The proposals would give more power to the big Premier League clubs, reducing it from 20 teams to 18 for the 2022-23 season and scrapping the League Cup and Community Shield.
The plans would also see the Premier League commit to providing 25% of the league’s revenue to EFL clubs and a 250 million pounds ($325.58 million) rescue fund to help with the immediate impact of the COVID-19 crisis.
The Premier League, the UK government and the Football Supporters’ Association (FSA) were quick out of the blocks to condemn the plan, which was leaked to the Telegraph on Sunday.
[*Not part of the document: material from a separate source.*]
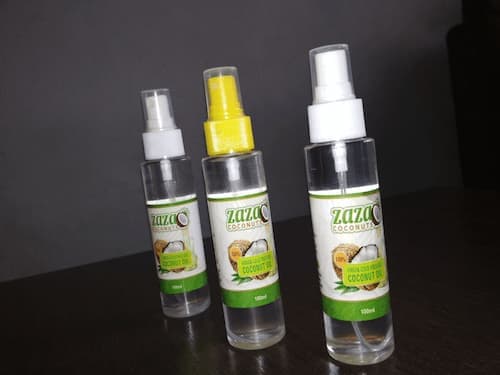 Zaza Cold Pressed Coconut Oil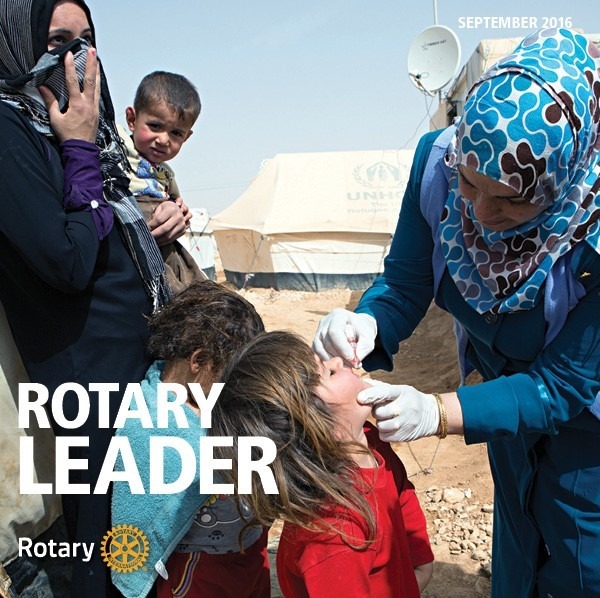 Rotary Leader – Numero di settembre 2016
But former Liverpool and Premier League CEO Parry, who has so far been the only public face of the plan, insisted that the proposals were by no means dead in the water.
“Clearly there will be a huge amount of debate but this is about coming up with a bold plan for the future and if that doesn’t please everybody, frankly, so be it,” he told reporters.
Much of the criticism has been focused on the ‘special voting rights’ that would be given to the ‘Big Six’ Premier League clubs — Liverpool, Manchester United, Manchester City, Chelsea, Tottenham Hotspur and Arsenal.
Oliver Dowden, the UK Culture Minister, who is responsible for sport, said he feared the plans were a power grab by the big clubs and warned of a review of governance of the game if no move was made for COVID-19 relief for the lower leagues.